STORED DATA.
::::::

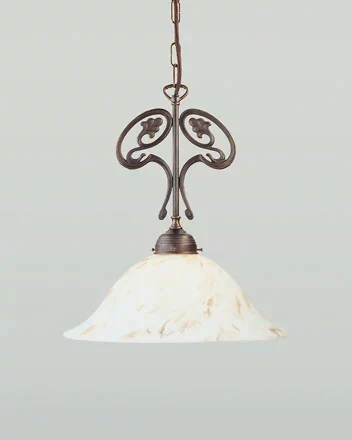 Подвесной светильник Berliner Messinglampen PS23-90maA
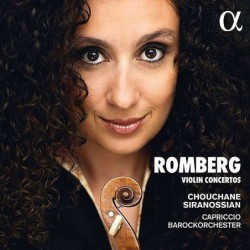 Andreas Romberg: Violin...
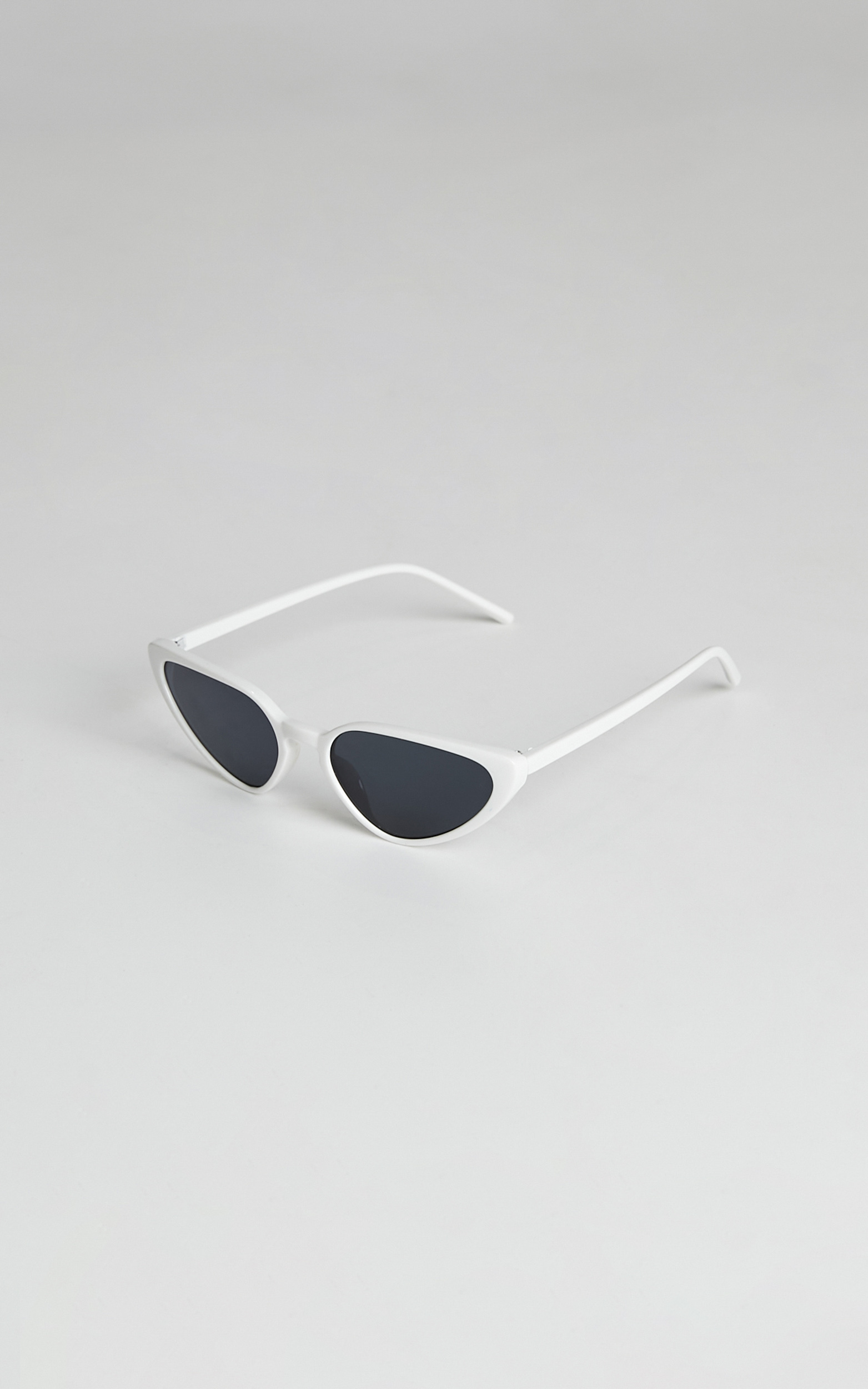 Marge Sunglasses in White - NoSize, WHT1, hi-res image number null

::::::

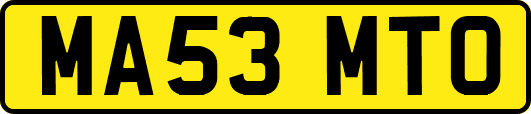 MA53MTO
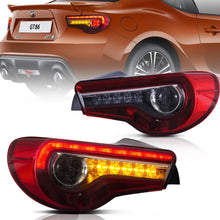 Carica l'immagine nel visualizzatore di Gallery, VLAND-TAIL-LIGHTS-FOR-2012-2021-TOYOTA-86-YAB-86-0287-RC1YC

::::::

Although pictures appear among the entries, please set down only the lines from the one with "Подвесной светильник Berliner" up to and including the one with "Marge Sunglasses in", word for word.

EXERCISE RESPONSE.
 Подвесной светильник Berliner Messinglampen PS23-90maA
 Andreas Romberg: Violin...
 Marge Sunglasses in White - NoSize, WHT1, hi-res image number null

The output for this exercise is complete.